Updated on April 5, 2012

Bad News

I was woken from deep sleep by the ringing of the telephone. Instantly I knew it could not be good news. No-one in our family phones after nine at night and it was close to one in the morning. I raced for the phone, my heart pounding and dreading what I might hear from the other end of the line. It was my Mum and she was the bearer of bad news. My brother and his family (his wife and two children) had been in a car accident. In an instant my life was different and some things could never be the same again. My brother and his wife were building their dream home and they had driven out to the property in the early evening to have a look at the progress. On their way home they were hit head-on by a drunk driver. My beautiful sister-in-law was killed instantly and the others were left in critical condition. We were told to prepare for the worst - that they might not make it through the night. I spent the rest of the night in turmoil - moving from crying to shock to praying fervently for God to give them another chance at life. I prayed most of all for my little niece who was three years old. She was on life support but I firmly believed that God could do a miracle and revive her. It was three days before Christmas and Christmas would never hold the same family memories ever again for their family. I went to church the next morning, and as we were the pastors of this church, I felt I had to be strong and set an example of victory in grief (this sounds so ridiculous to me now as I type it, but that was how I was processing then). So I danced during worship, hoping that my demonstration of faith would maybe unleash something to change their circumstances.
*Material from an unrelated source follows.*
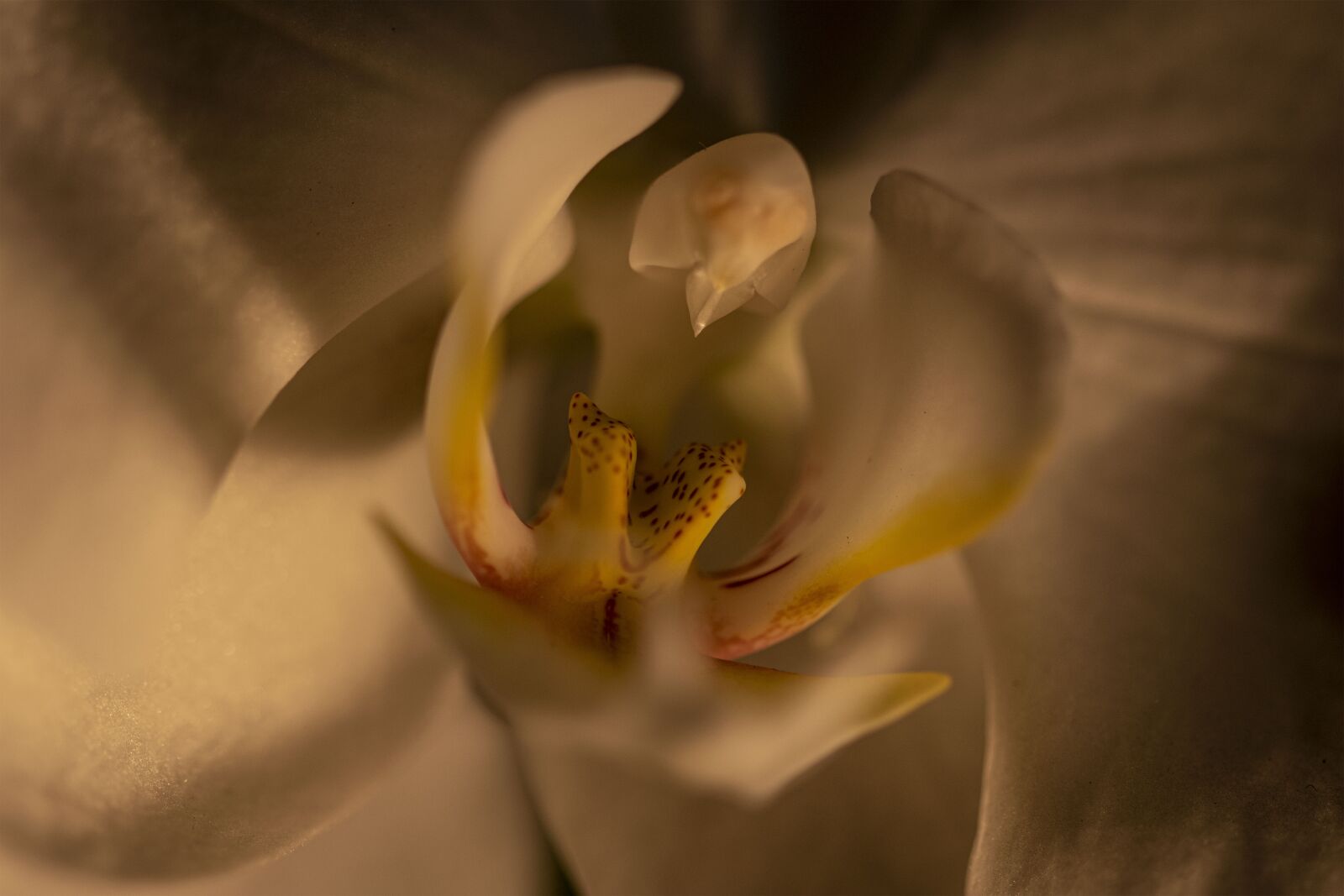 Nikon D5300 sample photo. Orchid, flower, close-up photography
When I got home I received another call from my Mum. There was no progress in Katie's condition and they were going to turn off the life support and let her be with her mum. This news came as a complete blow to me - I had so much faith for God to save her - I admit that I was angry deep down inside and yet I swept my feelings under the carpet once more. I had to make an effort for my own family as it was Christmas and my kids were so excited about it. We lived a twenty hour car journey from my family and they had instructed me to stay home until arrangements were made and we had more news. This was wise but very frustrating as I felt completely powerless.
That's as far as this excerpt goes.